Not extensible. Adding new abstraction levels requires modifying HLO’s core code, while MLIR only requires defining a new dialect.

XLA’s next-generation projects (such as StableHLO) are also moving toward the MLIR ecosystem — StableHLO itself is an MLIR dialect.

Summary of MLIR Advantages

Dimension	Single/Two-Level IR (TVM, XLA)	Progressive Lowering (MLIR)
Abstraction levels	2-3 fixed levels	Arbitrarily many composable levels
Information preservation	Lost across level boundaries	Gradually discarded as needed
Optimization timing	At fixed levels	At the optimal level
Hardware adaptation	Separate implementation per backend	Shared high-level -> diverge low-level
Extensibility	Modify core code	Add new dialects

Organizing Pass Pipelines

In real MLIR compilers, lowering is not accomplished by calling a single function but is organized as a series of passes in a pipeline.

Types of Passes

Passes in MLIR are mainly of two kinds:

Transformation Pass — Modifies IR structure (lowering, fusion, tiling all belong here).
Analysis Pass — Analyzes IR properties without modification (liveness analysis, alias analysis). Analysis results are typically consumed by transformation passes.

Pipeline Organization

A typical pipeline might be organized as follows:

// Phase 1: High-level optimization
pass: canonicalize
pass: cse (common subexpression elimination)
pass: linalg-fusion-on-tensors

// Phase 2: Bufferization
pass: one-shot-bufferize
pass: buffer-deallocation
pass: canonicalize

// Phase 3: Loop optimization
pass: linalg-to-loops
pass: affine-loop-fusion
pass: affine-loop-tiling {tile-size=32}
pass: canonicalize

// Phase 4: Hardware mapping
pass: convert-scf-to-gpu
pass: gpu-kernel-outlining
pass: canonicalize

// Phase 5: Final lowering
pass: convert-gpu-to-nvvm
pass: convert-memref-to-llvm
pass: convert-arith-to-llvm
pass: convert-func-to-llvm
pass: reconcile-unrealized-casts

Note the canonicalize pass after each phase — it cleans up redundant ops (such as x + 0 -> x), keeping the IR in canonical form. This is critical for pattern matching in subsequent passes.
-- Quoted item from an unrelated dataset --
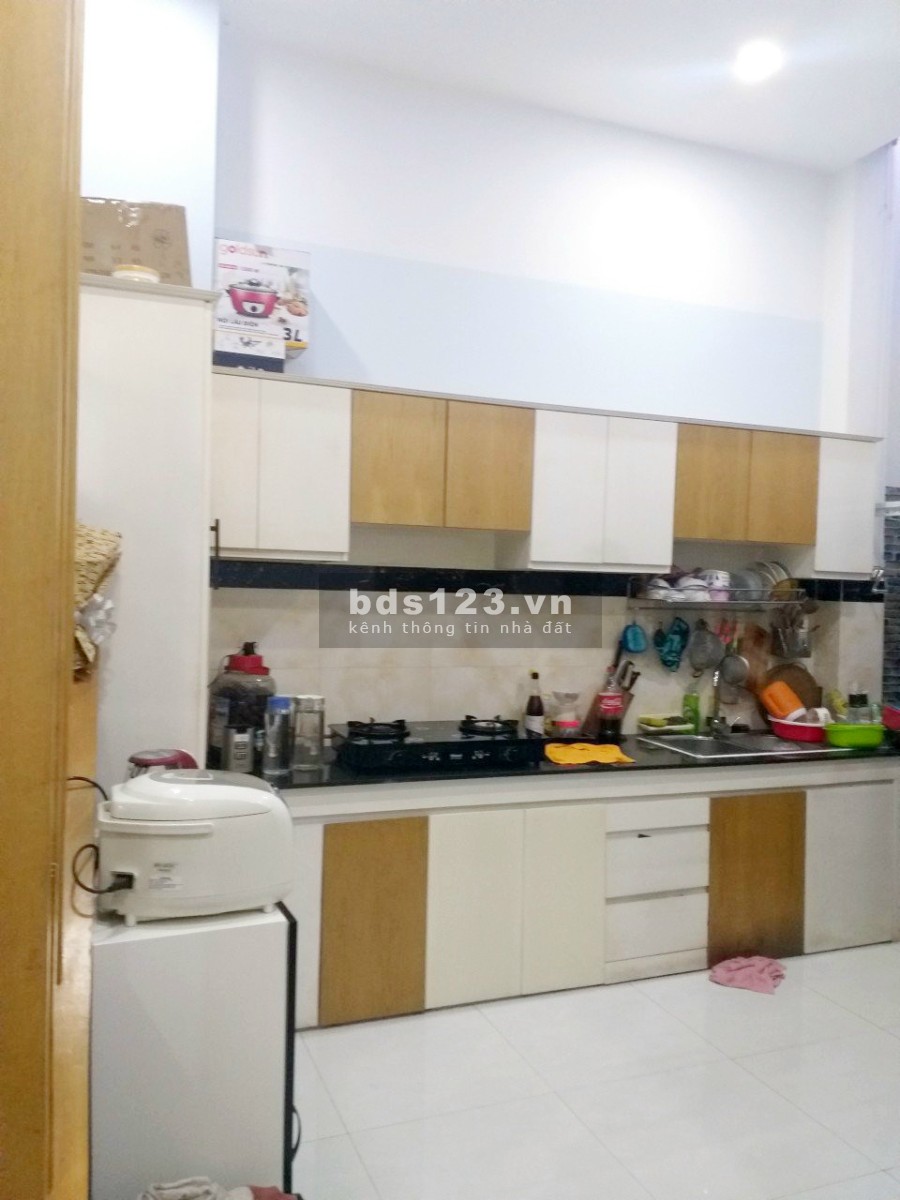 Bán nhà Thạnh Lộc 19 ngay chợ cầu đồng 100m giá bán chỉ 3.45 tỷ thương lượng chính chủ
Debugging Lowering Pipelines

MLIR provides powerful debugging tools:

mlir-opt --mlir-print-ir-after-all: Prints IR after each pass, showing the changes at every step.
mlir-opt --mlir-pass-statistics: Reports execution time and operation counts for each pass.
mlir-opt --mlir-print-ir-after-failure: Prints IR when a pass fails, helping to locate problems.
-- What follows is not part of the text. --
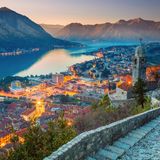 Kroatien gehört zu den bekannteren Urlaubszielen an der Adriaküste – aber Nachbarland Montenegro hat zumindest landschaftlich genauso viel zu bieten. Camper dürfen sich in dem Land zwischen Küste und Bergen über mehr als 50 Plätze freuen, auf denen sie preiswert übernachten können. Wildcampen ist hier allerdings leider nicht erlaubt.   Durchschnittlicher Preis pro Nacht: 16,60 Euro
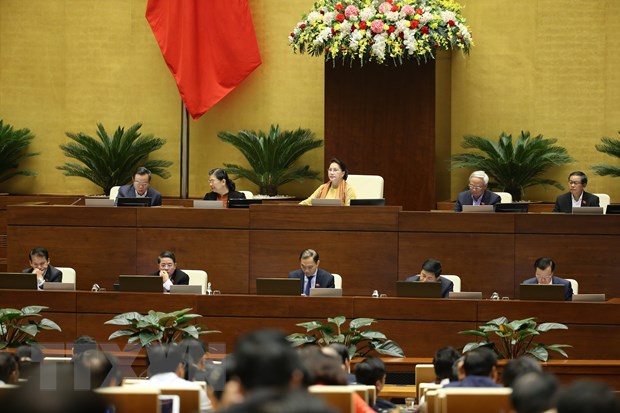  Chủ tịch Quốc hội Nguyễn Thị Kim Ngân và các Phó Chủ tịch điều hành phiên họp sáng 30/10. (Ảnh: Dương Giang/TTXVN)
These tools make it possible to inspect and verify IR correctness at every step of Progressive Lowering — something impossible with “big bang” conversions.

Summary

Progressive Lowering is MLIR’s most fundamental design philosophy, fundamentally changing how compiler IRs are designed:

Don’t go all the way down at once — Each lowering step handles one concern, lowering one abstraction level at a time.
Preserve information — High-level semantic information (operator types, tensor shapes) stays available as long as possible.
Dialect Conversion framework — Provides type-safe, rollback-capable IR conversion infrastructure. The trinity of ConversionTarget + RewritePattern + TypeConverter.
Bufferization is a critical step — The conversion from tensor value semantics to memref reference semantics involves global in-place analysis and buffer reuse.
Flexible composition — The same high-level IR can reach different hardware targets through different lowering paths.
Each step is verifiable — Every step in the pass pipeline can be independently debugged and verified.

For ML compiler developers, understanding Progressive Lowering means:

When designing IR, first identify the independent concerns, then let each concern correspond to a lowering step.
When adding optimizations, do it at the best abstraction level — if you need to know “this is matmul,” work at the linalg level; if you need to manipulate loops, work at the SCF level.
When debugging performance issues, dump IR incrementally and find where performance is lost.

In subsequent articles, we will dive deeper into how specific optimization passes work at different dialect levels, and the core analysis techniques in Dataflow Analysis and Pass Foundations.